Unlike the natural line based GWAS analysis, we used the population derived from four bi-parent DH and their testcross hybrid populations. In previous studies, the background of the GWAS homozygous population formed by multiple artificial populations is more controllable, which has been confirmed in the NAM population (Tian et al., 2011; Wu et al., 2016). This method is more powerful than linkage mapping analysis, however, it is also faced with the tight linkage between SNPs, which is not conducive to mapping accuracy. In our study, obvious population structure could be observed in PCA analysis of genotypes (Figures 2A, B), but no overfitting was found in GWAS by controlling genetic background (Figures 3B, D, F), revealing that these populations can be analyzed by GWAS. At the same time, we found that the LD decay rate could be improved in the hybrid panel (Figure 2C), suggesting that for the DH panel, further genetic combination by test-cross could improve the accuracy of GWAS.
It was found that although dominant Rp genes mainly functioned in SCR resistance in previous studies, there was evidence that quantitative genes also contributed to SCR resistance (Souza Camacho et al., 2019). Five significant loci were detected in our research (Figures 3A, C, E), Table 3). DH population only detected one candidate interval, and the number is less than the hybrid panel, which may be due to the larger size or the richer genetic background with the introduced testers in the hybrid populations. In the hybrid panel, three candidate loci were detected by association analysis with additive and dominant coding (Figures 3C, E and Table 3), two of them were different, which suggested that the dominant effect is also very important in the breeding of rust-resistant hybrids. In all association analyses for 2 populations, a highly significant locus was detected on chromosome 10, which tight chained with the known SCR resistance gene RppC (Deng et al., 2022) and other reported QTL, including RppQ (Chen et al., 2004), RppD (Zhang et al., 2009), RppS/RppK (Wu et al., 2015; Chen et al., 2022), RppM (Wang et al., 2020).
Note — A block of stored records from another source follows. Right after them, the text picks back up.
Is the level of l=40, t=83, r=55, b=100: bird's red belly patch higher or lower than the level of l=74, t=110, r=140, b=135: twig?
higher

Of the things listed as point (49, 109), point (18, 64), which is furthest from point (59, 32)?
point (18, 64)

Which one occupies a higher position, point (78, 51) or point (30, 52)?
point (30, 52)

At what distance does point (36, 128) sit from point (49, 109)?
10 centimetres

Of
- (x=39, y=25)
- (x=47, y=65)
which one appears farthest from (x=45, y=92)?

The stability and significant effect of this loci suggested that MAS can be used to fix this region to the germplasm in the breeding process. In addition, four minor genes loci were detected in the hybrid population, and no overlap was found with the known candidate loci, indicating that further fine mapping and function research is needed. Our GWAS analysis enriched the genetic analysis of SCR resistance, demonstrating that many potential SCR resistance genes exist in different maize germplasm backgrounds.
In recent years, GP is a commonly used method to reduce costs and workload in plant and animal breeding programs, especially when combined with DH technology, breeding efficiency can be further improved (Fu et al., 2022). However, for the SCR resistant hybrid selection with GP, experience and reference are lacking. We performed GP analysis on the hybrid panel to explore the prediction accuracy under different GP models. GBLUP, as a classical model of GP, is based on the genetic relationship matrix (Crossa et al., 2017). In hybrid populations, additive, dominant and epistatic effects exist simultaneously. We performed extended GBLUP models and found that the additive-by-additive matrices could significantly improve the prediction performance (Figure 5), suggesting that the epistatic effect plays a role in maize SCR resistance. The prediction effect of the pure dominant effect matrix is relatively poor, indicating that the application value of GBLUP only using the dominant matrix is low. It is worth noting that when all matrices were put into the model, the prediction ability is poor, indicating that redundant matrices will reduce the prediction accuracy.
Since the heredity of plant resistance seems to be controlled by dominant genes, GP models based on the genetic relationship matrix may have limited predictive power. We tried maker based GP models and found that most of them had comparable predictive power to G_A, including RRBLUP, BRR, BL and BayesC (Figure 6). However, BayesA and BayesB showed a higher prediction ability of 8% beyond other models, which may be due to the difference brought by prior densities of the Bayes model. This difference provided a reference for the prediction of SCR, indicating different GP models significantly impact the prediction power.
Based on the results of GWAS and GP, we further added candidate loci resulting from association analysis into the prediction model as fixed factors (Figure 7). The prediction accuracies of the G_A and BayesB models were significantly improved, indicating that QTL information can significantly promote prediction accuracy, which is consistent with previous studies (Jiao et al., 2020). Especially for the G_A model, the prediction accuracy improved by 11.67% after all QTL information was added, which may be due to the G_A_qad model complementing the large effect of QTL on the phenotypic outcome. In breeding applications, prediction ability can be improved by adding known QTL loci to GP models. In addition, implementing GP in hybrids is more complex than in homozygous populations, and it may be more efficient to explore a combination of multiple approaches.
5 Conclusion
SCR occurs widely in maize and brings great loss to yield. Here, we developed the DH panel with 384 lines and the hybrid panel with 903 testcross hybrids. SCRRS of accessions were collected with multi-year and multi-location field testing. Using GWAS analytical pipeline, five QTL loci were detected on chromosomes 1, 7, 8, 8, and 10, with P-values ranging from 4.83×10-7 to 2.46×10-41. On the other hand, to improve the selection efficiency of resistant materials in breeding, several GP methods were performed to explore predictive ability for SCRRS in hybrids, including extended GBLUP with different genetic matrices, maker based prediction models, and mixed models with QTL as fixed factors. We found that adding additive-by-additive effect to GBLUP model, selecting BayesA or BayesB model, adding QTL into the mixed linear prediction model will improve the prediction performance. The results will provide important valuable information for understanding the genetic architecture and the application of GP for SCR in maize breeding.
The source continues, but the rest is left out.